__Dataset entries__.
· · · ·
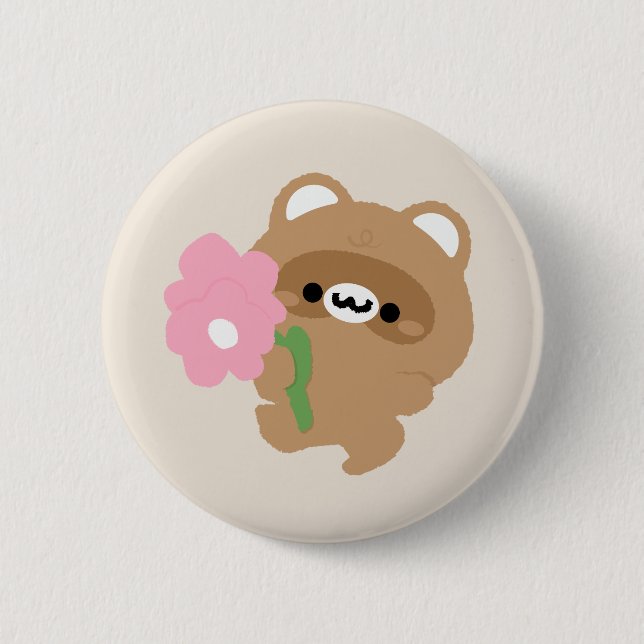 Cute Romantic Beaver 6 Cm Round Badge (Front)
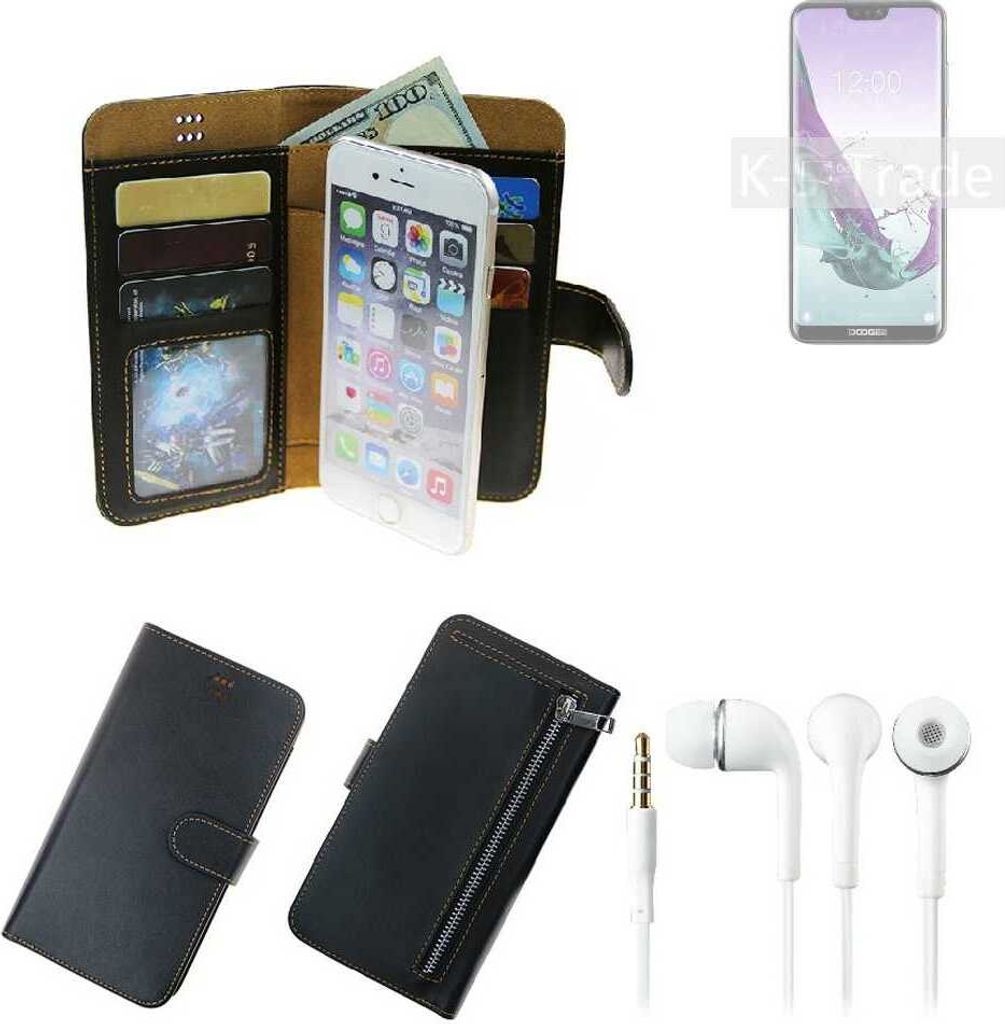 TOP SET Handy Hülle Schutz Hülle kompatibel mit Doogee N10 schwarz aus Kunstleder + Kopfhörer Smartphone Tasche vollwertige Geldbörse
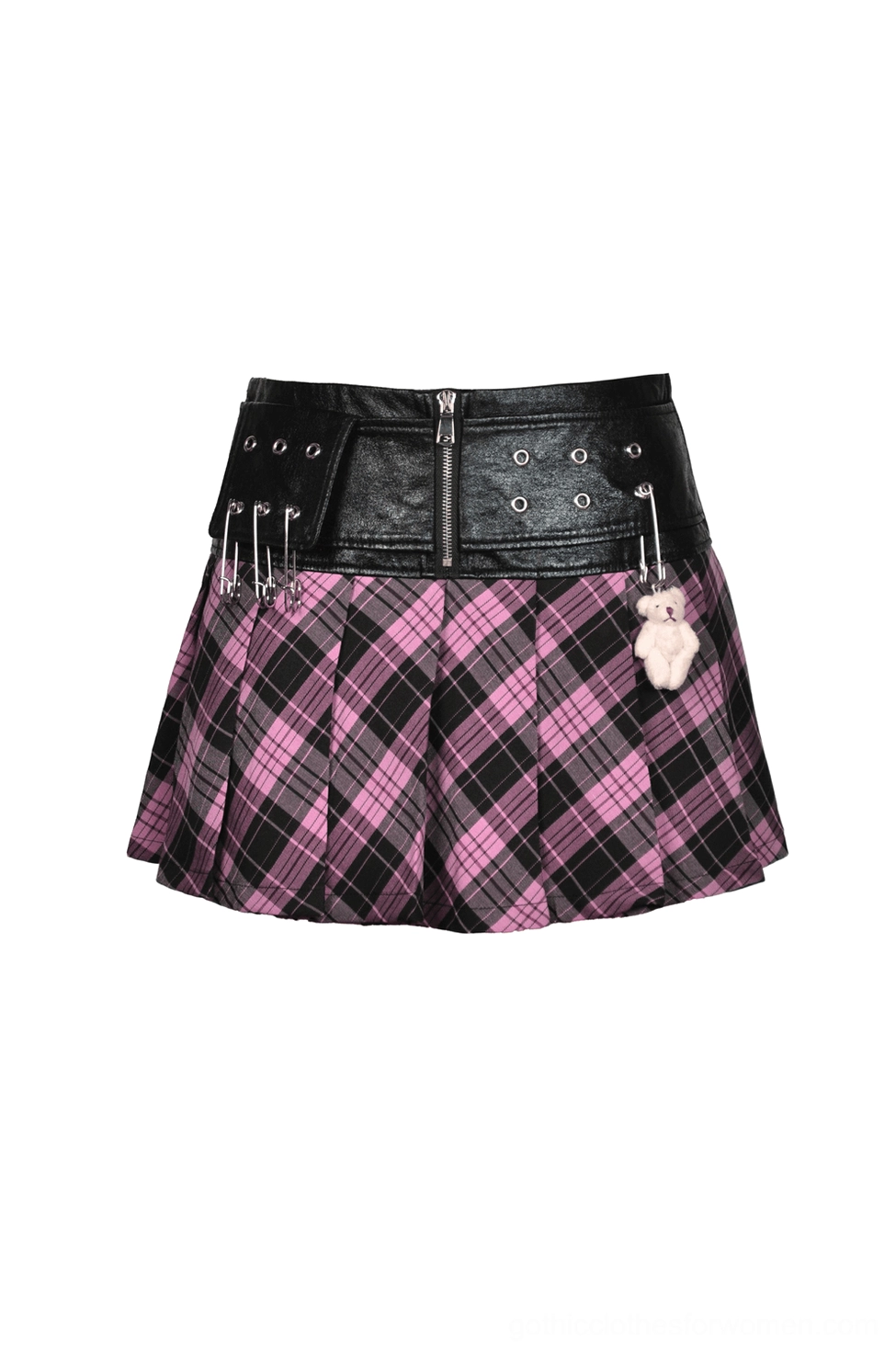 Black-pink plaid gothic mini skirt flat lay with leather grommet waistband, safety pins and teddy bear charm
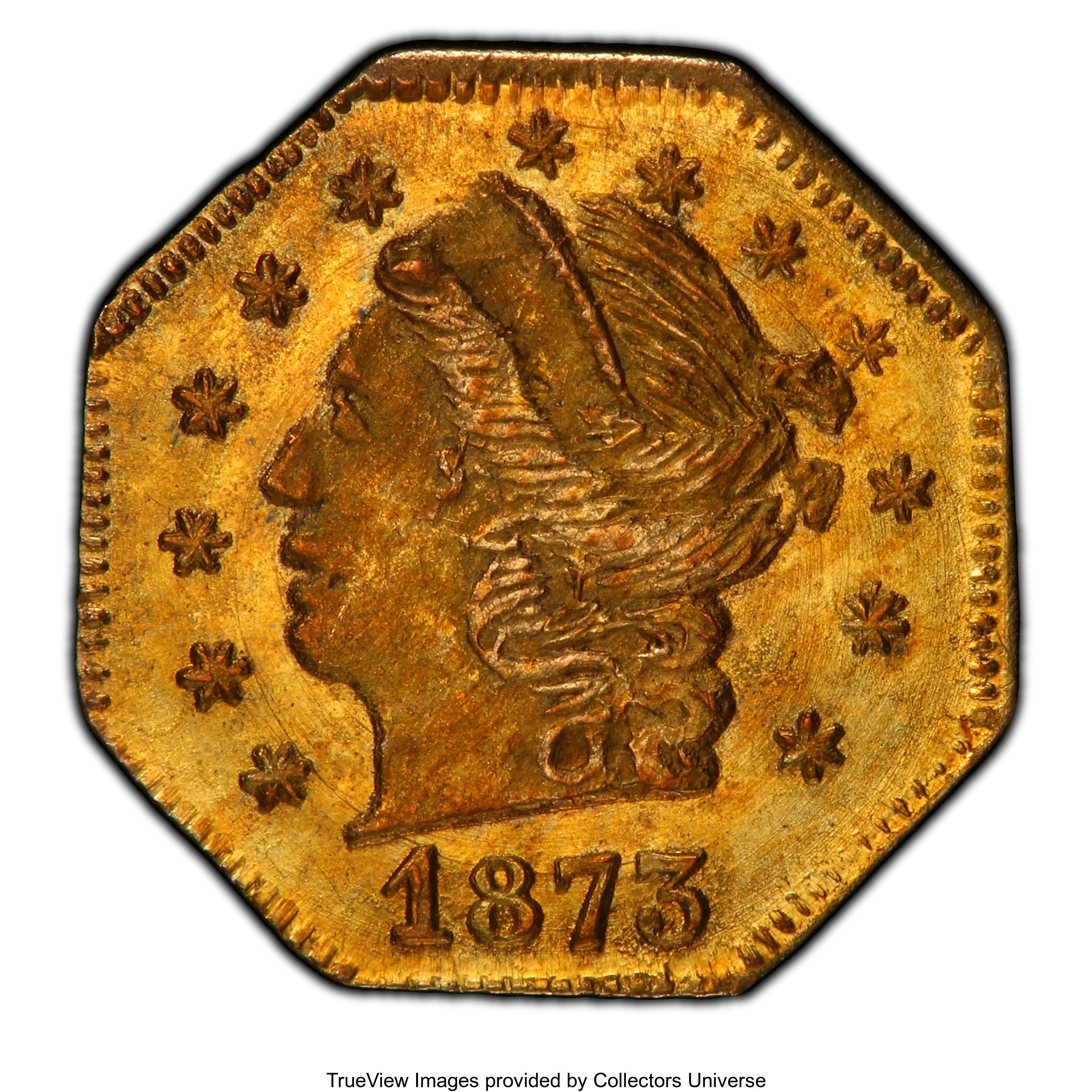 image for: 1873 25C Liberty Head Octagonal 25 Cents, BG-728, R.3, MS64+ PCGS. PCGS Population: (54/71). NGC Census: (17/34)....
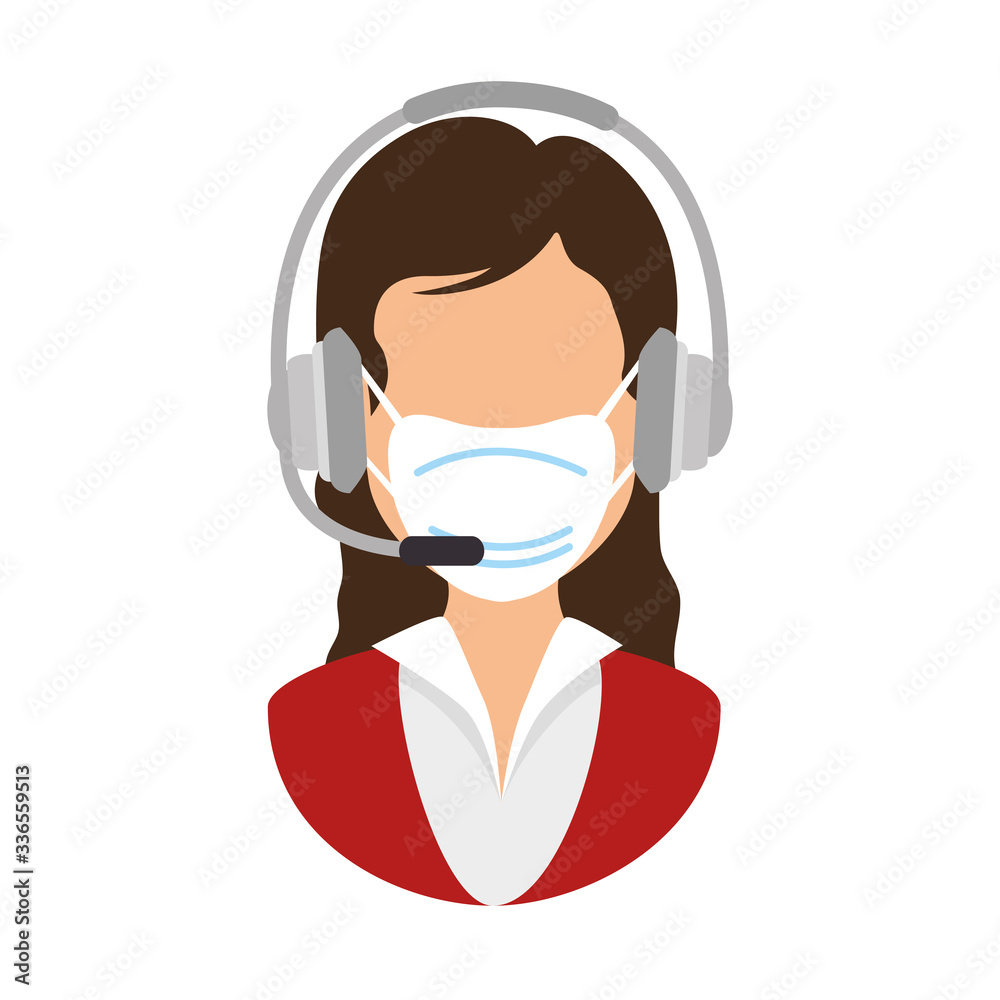 woman agent call center with face mask vector illustration design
· · · ·
__What is expected__.
Leaving the images behind, set down every entry word for word.

__Completed task__.
 Cute Romantic Beaver 6 Cm Round Badge (Front)
 TOP SET Handy Hülle Schutz Hülle kompatibel mit Doogee N10 schwarz aus Kunstleder + Kopfhörer Smartphone Tasche vollwertige Geldbörse
 Black-pink plaid gothic mini skirt flat lay with leather grommet waistband, safety pins and teddy bear charm
 image for: 1873 25C Liberty Head Octagonal 25 Cents, BG-728, R.3, MS64+ PCGS. PCGS Population: (54/71). NGC Census: (17/34)....
 woman agent call center with face mask vector illustration design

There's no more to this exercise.